I haven't had time to go back and read all of our conversations but I've gotten a few more answers. Regarding the cabling being symmetrical, I meant resistance by using the same length of cabling and gauge regardless of physical location. I talked to a few RV places here and one confirmed that they have used multiple relays in parallel instead of a larger one. I know that there is what is ideal but then there is reality for me in terms of what I have to spend. I have tons of the square and rectangular Ford relays, 30/40 and 20a respectively. The Highest current draw will be when welding which I don't expect more than 50 amps through each battery (3 batteries per bank, 2 banks in series, 150a welding current). The plan now is to use at least 4 of the 30/40a relays per battery so that each one is operating away from it's limit and so that multiple relay failures will not make the system fail. A single relay should be more than sufficient for normal loads considering when run as a 12v bank I will have twice the capacity which cuts the current draw in half. I'm not sure how I want to have everything triggered to be somewhat automated but I'll figure that part out.
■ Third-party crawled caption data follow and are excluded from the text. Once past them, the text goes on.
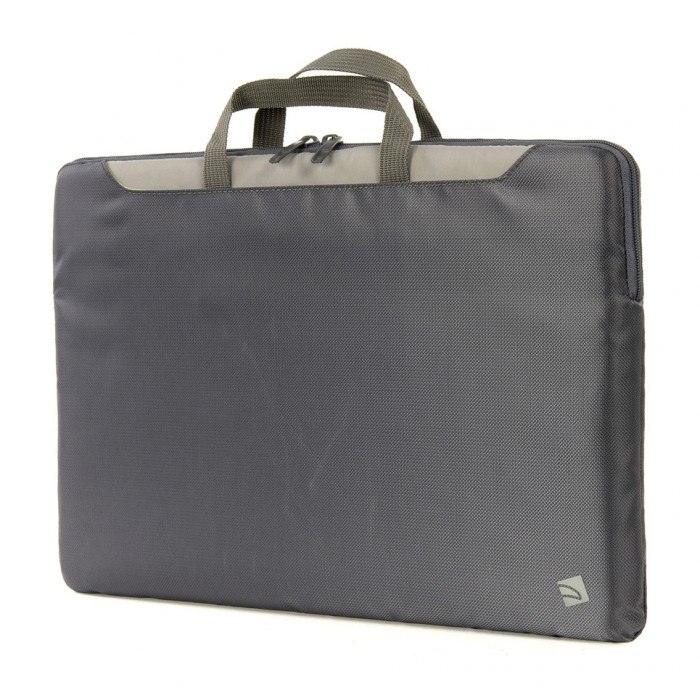 Tucano 'Mini' Sleeve For 15" MacBook And Ultrabooks - Grey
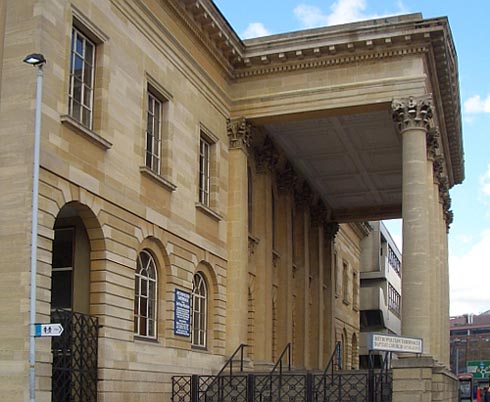 The Metropolitan Tabernacle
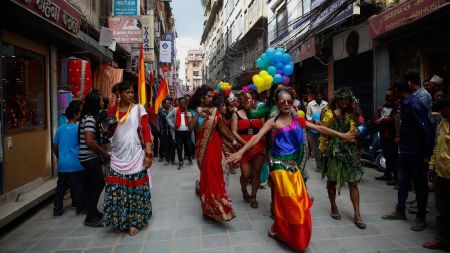 SHUT DOWN! How Trump-Era Aid Cuts Just Crushed Nepal's LGBTQ+ Support System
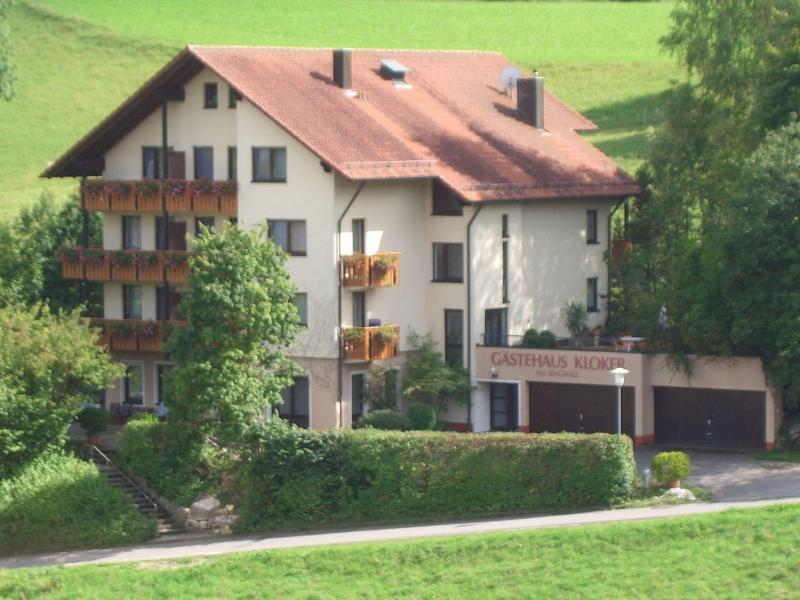 Flair-Hotel Gasthof Hirsch - Genel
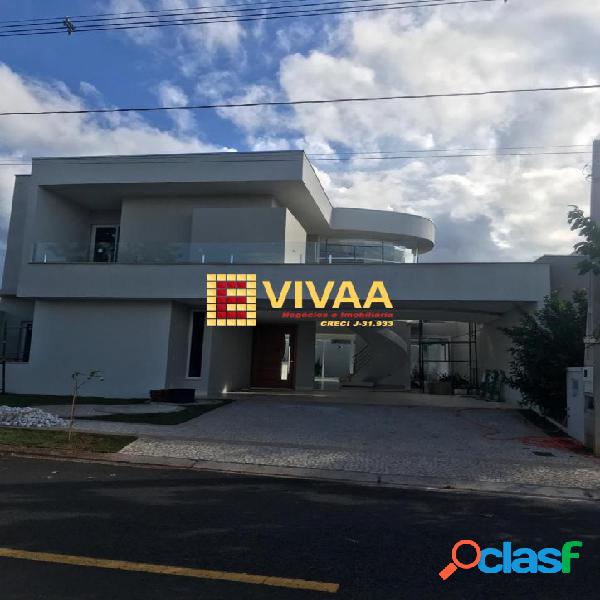 Linda casa a venda no Cond. Village Damha II Rio Preto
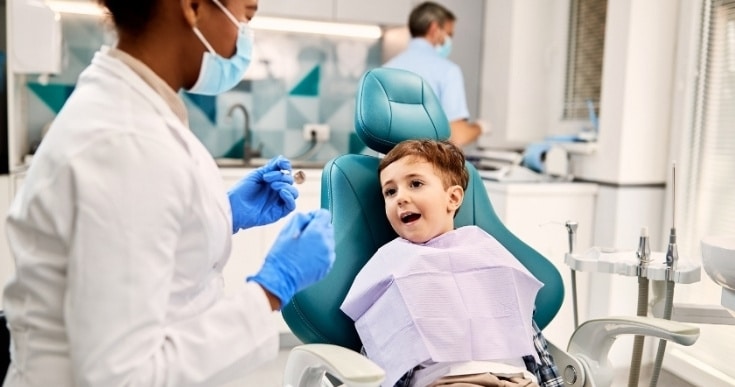 Straighten Teeth Quickly with Six Month Braces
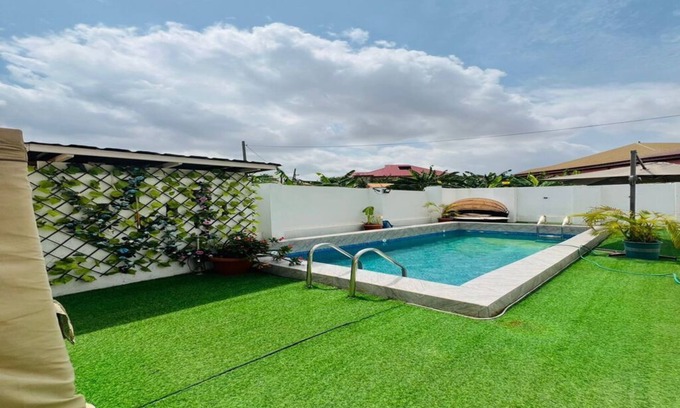 Kumasi Casa | Dona's luxury townhome in the garden city of kumasi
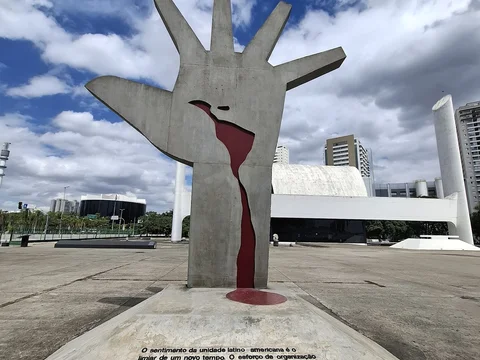 Memorial da América Latina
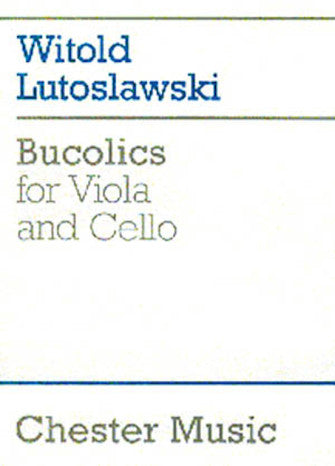 Lutoslawski Bucolics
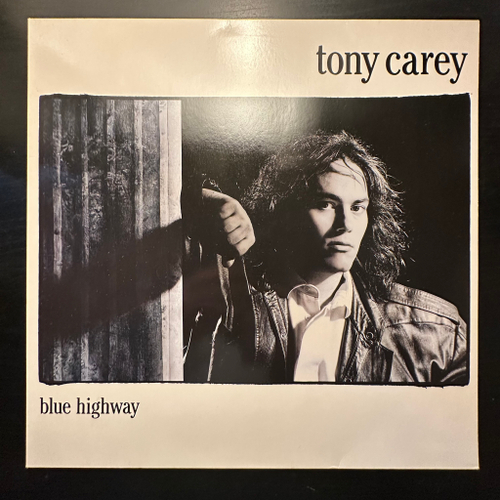 Tony Carey - Blue Highway (Германия 1985г.)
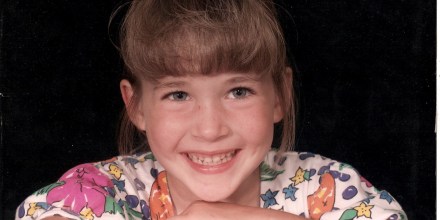 Morgan Nick, 6, was last seen at a ballpark in Alma, Arkansas on June 9, 1995.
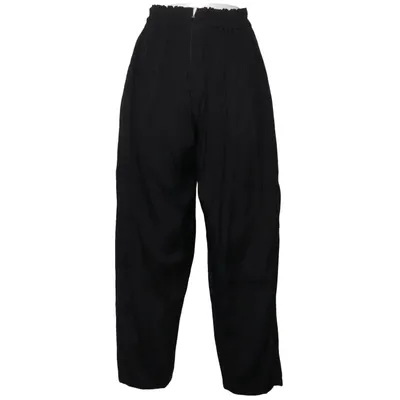 Palazzo pants (Black) from Chantal Viscose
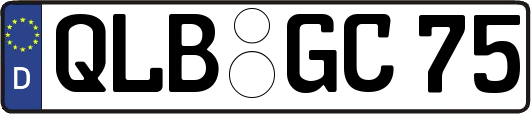 QLB-GC75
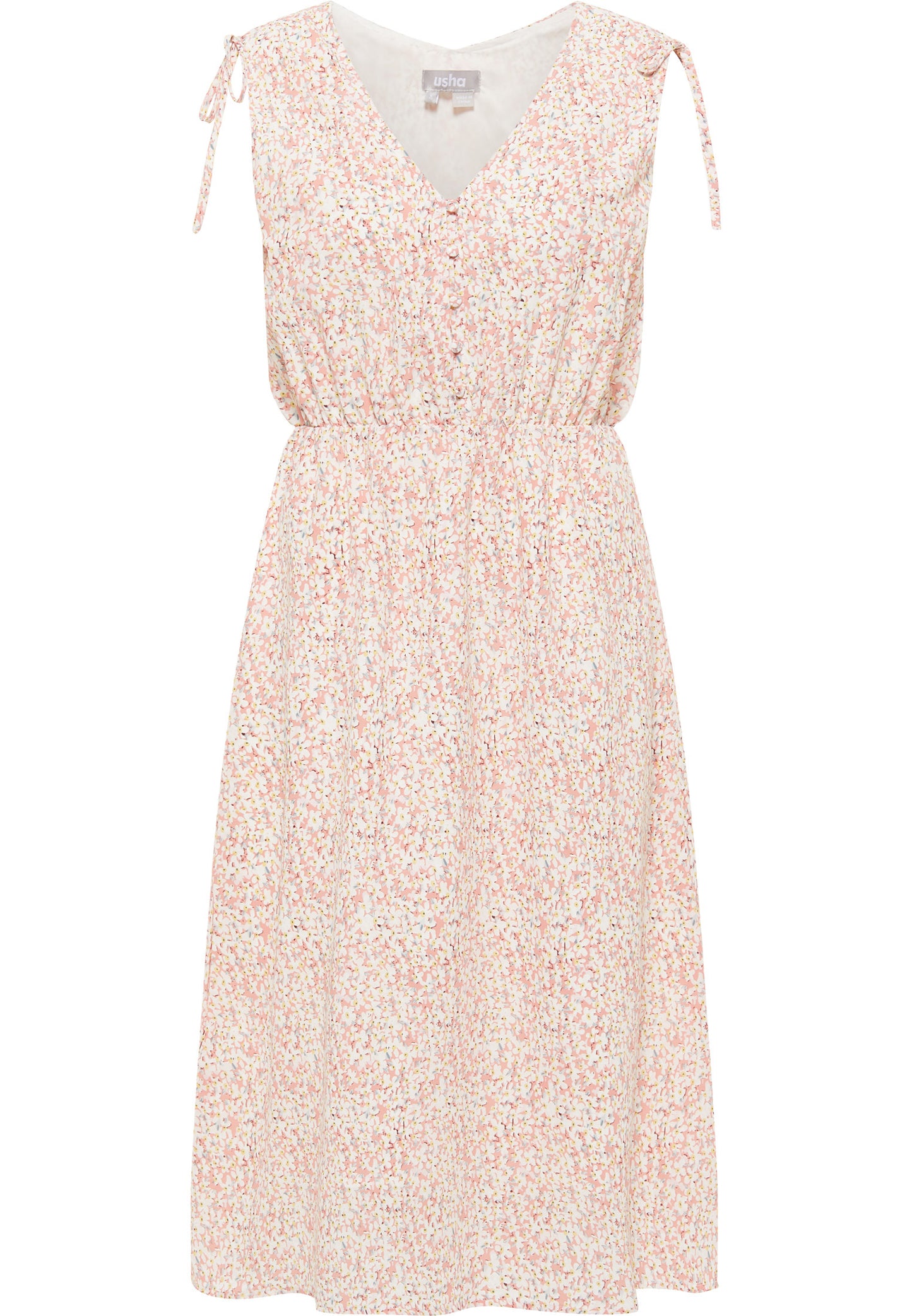 usha Damen's Kleid'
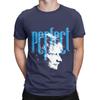 Perfect With Ed Face Vector Art Graphic Funny 100 Cotton TShirt EEd Sheeran Tops Tees For Unisex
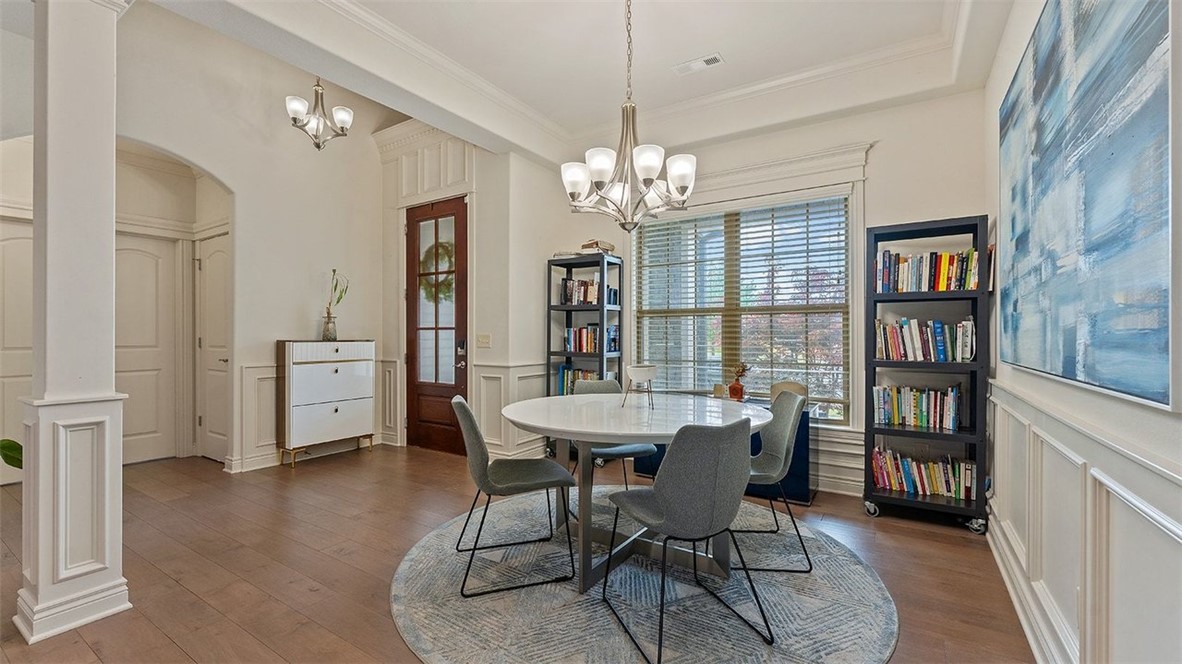 College Place Sub Ph 8 Bentonville - Residential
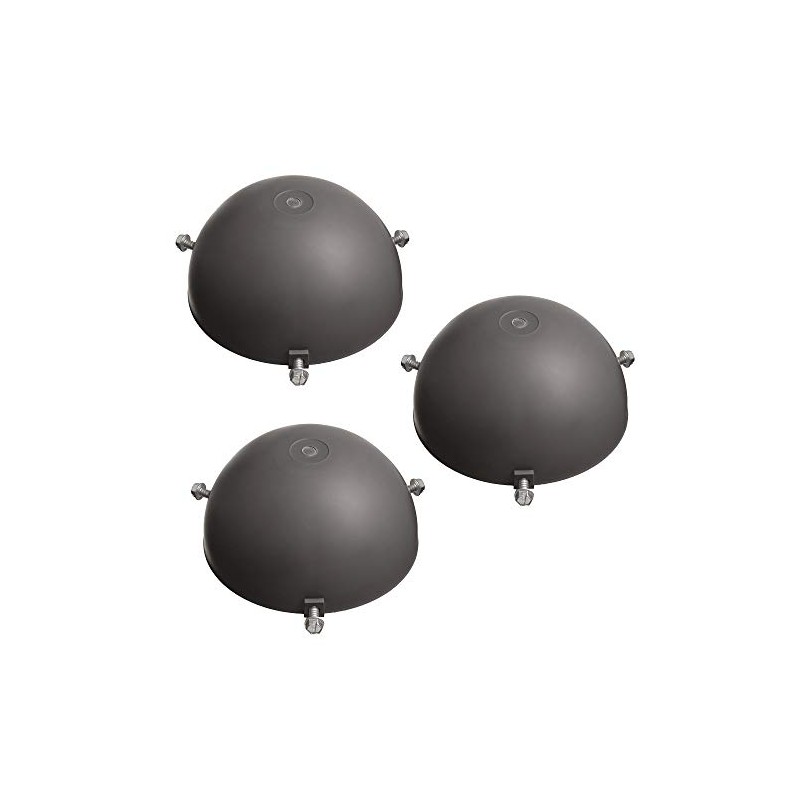 Oatey Mushroom Vent Cap, 3 Pack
I will either use a push button or a latching relay to control the disconnecting relays so no electricity is wasted unnecessarily. I was thinking about the consequences of having both the vehicle alternator and the generator hooked up and powering at the same time. This seems very similar to when you jump a car, there are 2 complete electrical systems tied together. From my understanding most of the potential damage caused to equipment hooked up is from making and breaking connections while there is a load which is why for welding, I'll isolate the loads from the bank first and then rearrange the bank for 24v. So as it stands, equal path resistance, individual disconnects for each battery, individual fuses for each battery. I'm going to work on a circuit diagram as soon as I finish figuring out what triggers etc I want to control the system. On a side note, I'm considering replacing the stock alternator in the van with a Ford 3G just like I have for the generator and my mustang. I figure the redundancy will be good in the event that I have one die.